*WORK TO COMPLETE*
Only the lines from the one bearing "TLXT Glass Hand-Pour Coffee Pot with Filter" through the end of the entries should be output, exactly as they stand, and pictures should be skipped.

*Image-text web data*
********
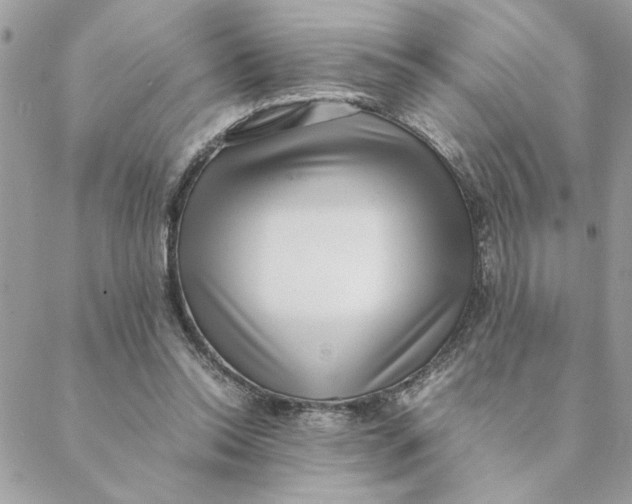 X0000088580350200706151717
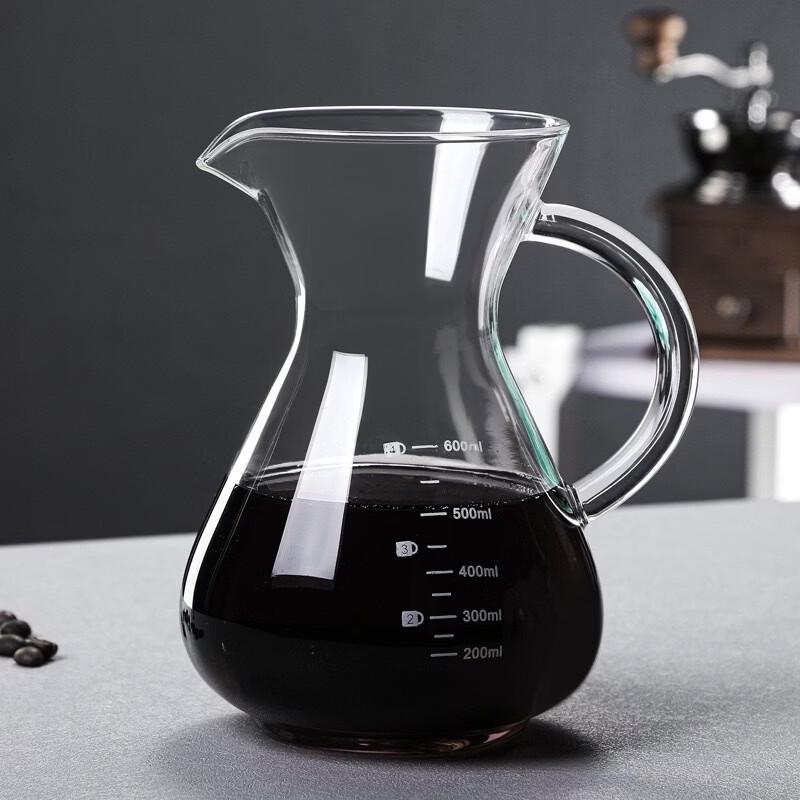 TLXT Glass Hand-Pour Coffee Pot with Filter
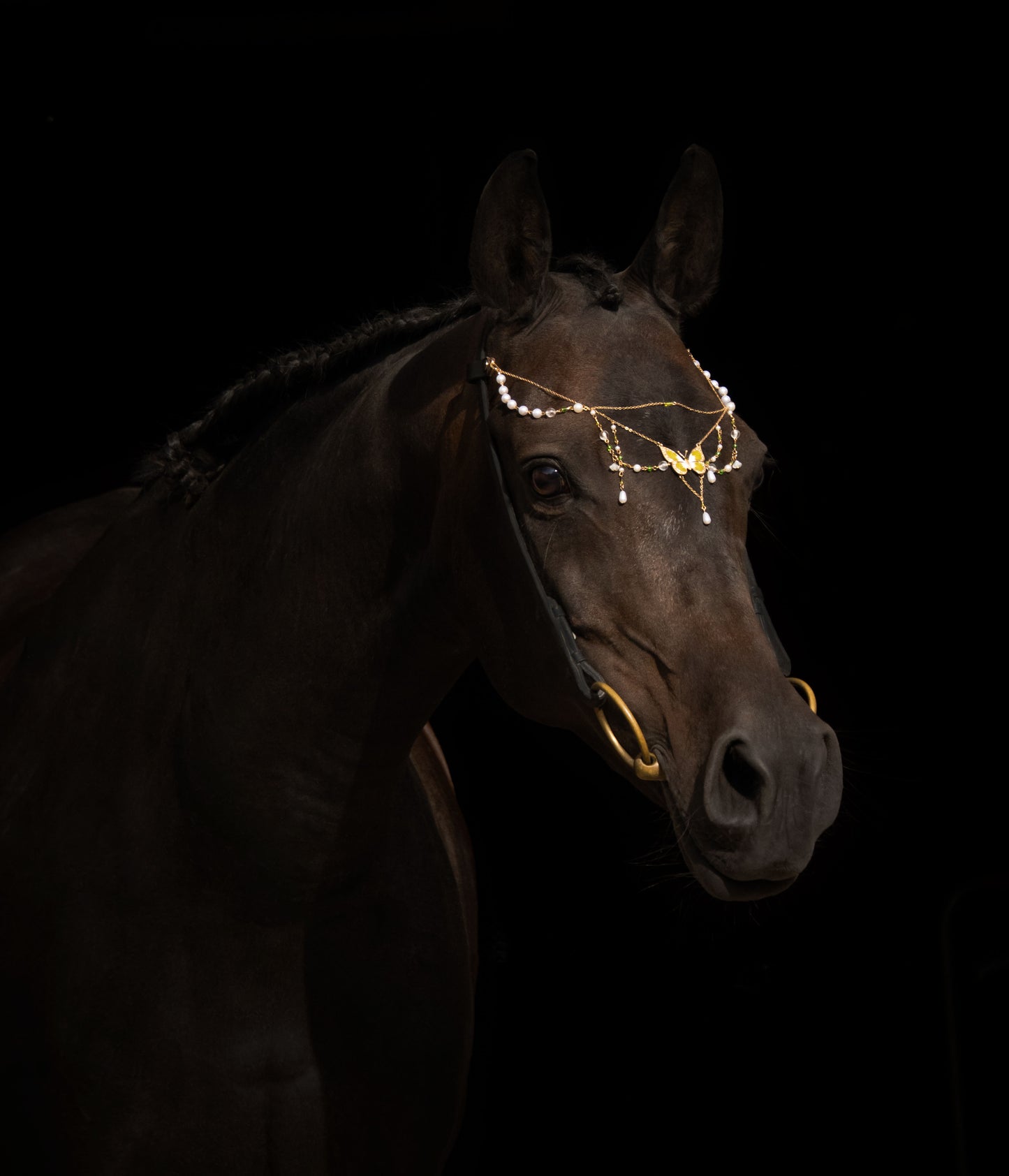 Pferdeschmuck Green Butterfly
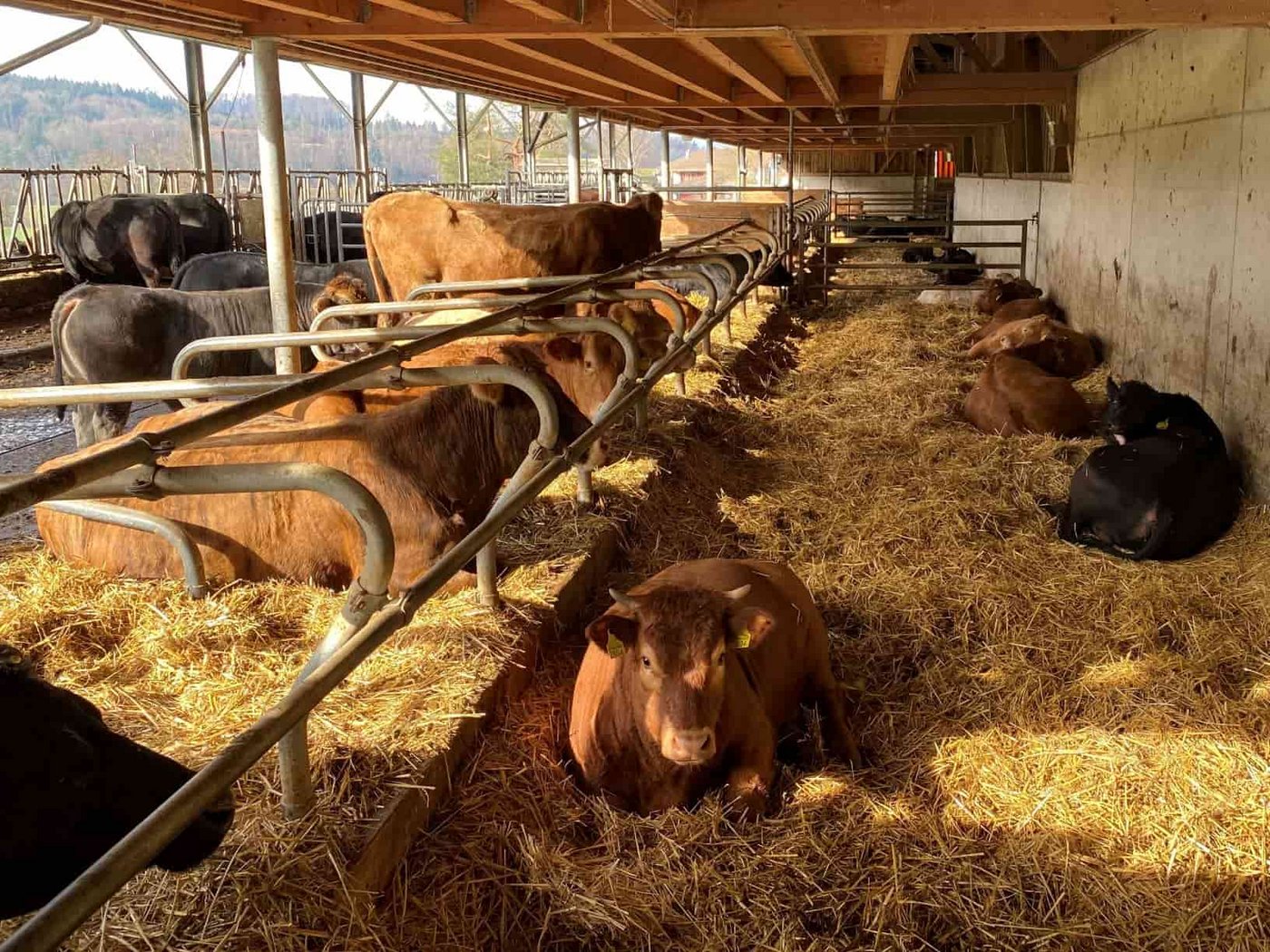 Der Schulbetrieb Liebegg mit der Herdebuchnummer 2 ist früh ins Natura-Beef-Geschäft eingestiegen. (Bild Reto Spörri, LZ Liebegg)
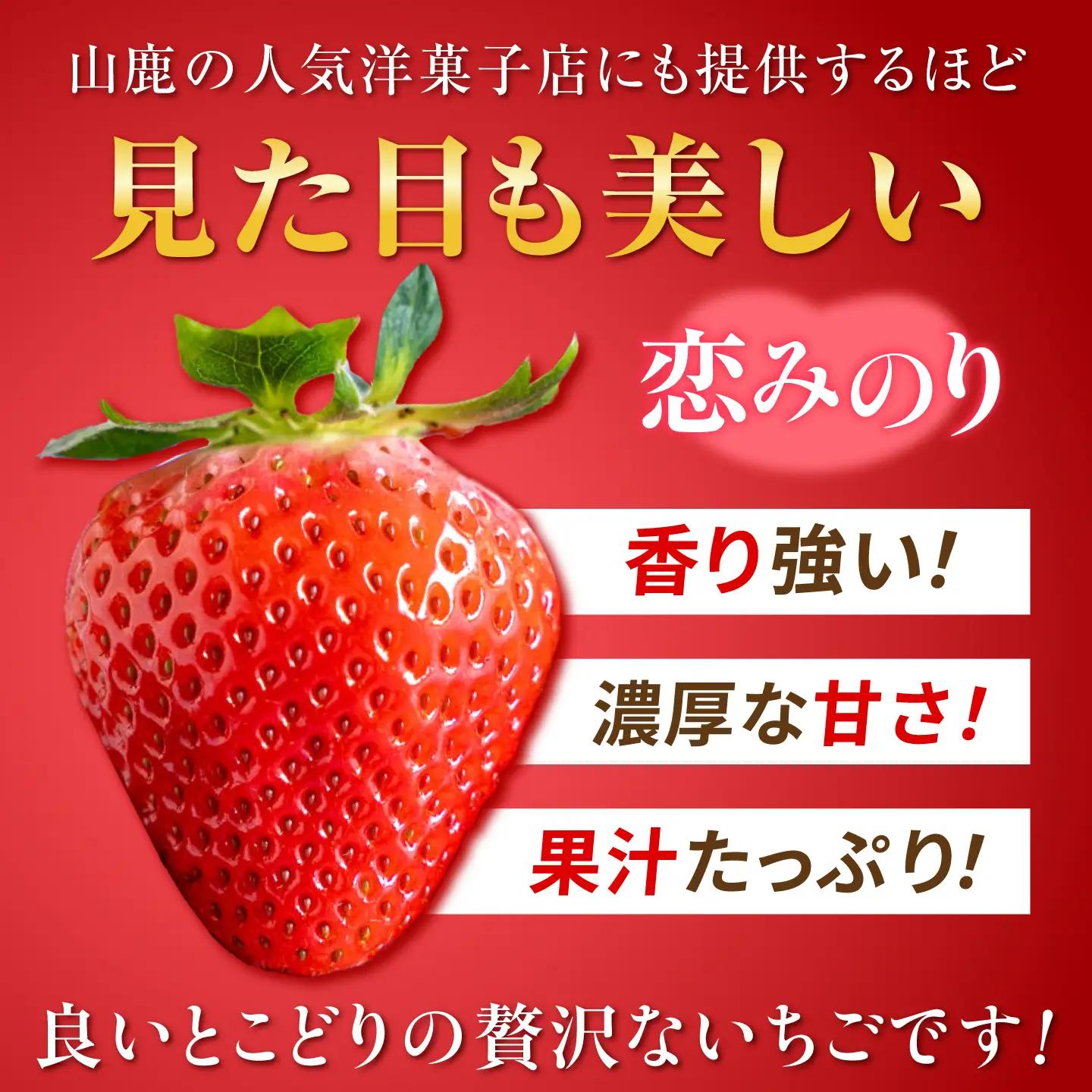 【先行予約】 いちご 恋みのり 約540g(約270g/6~11粒×2p)産地直送こば農園 熊本苺イチゴフルーツZFO001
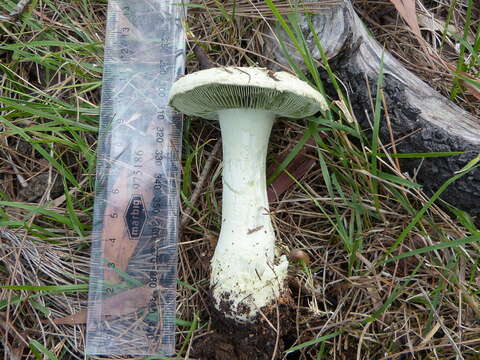 Imagem de Amanita austroviridis O. K. Mill. 1992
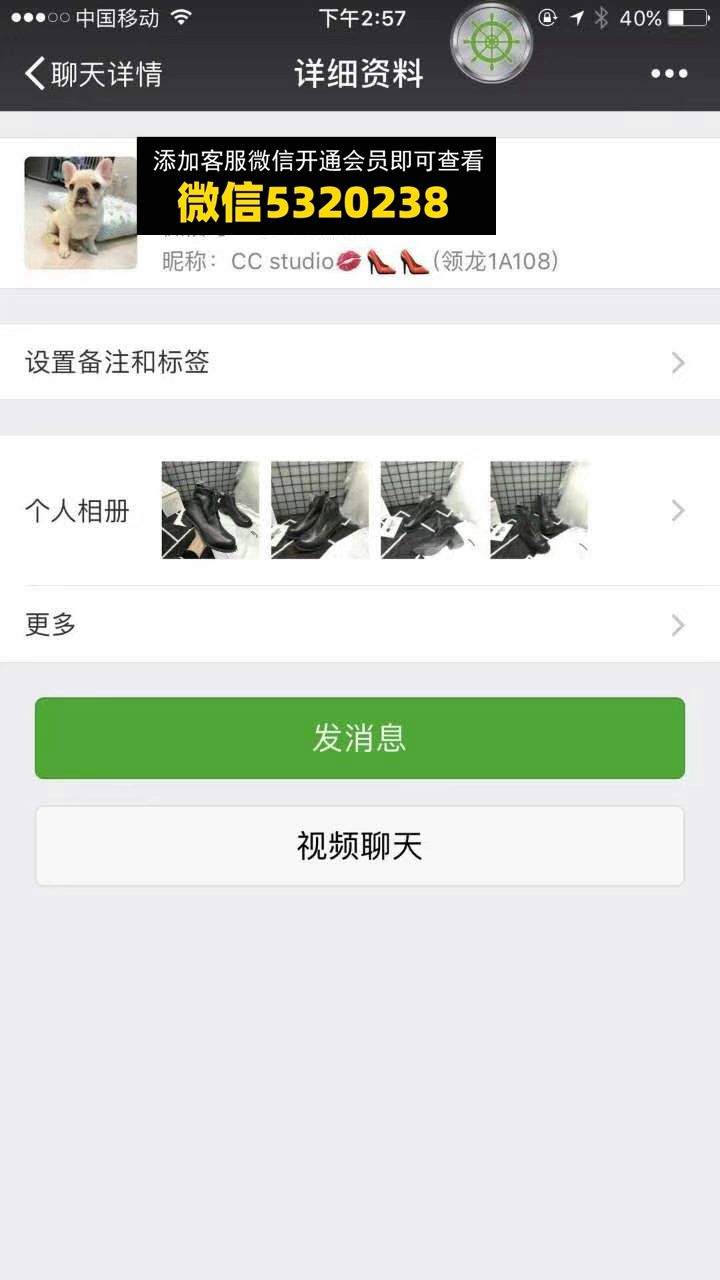 广州领龙高端女鞋 CC studio
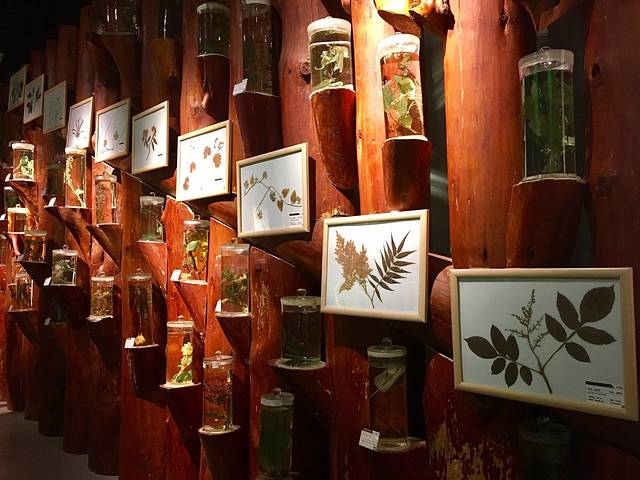 神农架自然博物馆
********
*ANSWER SECTION*
 TLXT Glass Hand-Pour Coffee Pot with Filter
 Pferdeschmuck Green Butterfly
 Der Schulbetrieb Liebegg mit der Herdebuchnummer 2 ist früh ins Natura-Beef-Geschäft eingestiegen. (Bild Reto Spörri, LZ Liebegg)
 【先行予約】 いちご 恋みのり 約540g(約270g/6~11粒×2p)産地直送こば農園 熊本苺イチゴフルーツZFO001
 Imagem de Amanita austroviridis O. K. Mill. 1992
 广州领龙高端女鞋 CC studio
 神农架自然博物馆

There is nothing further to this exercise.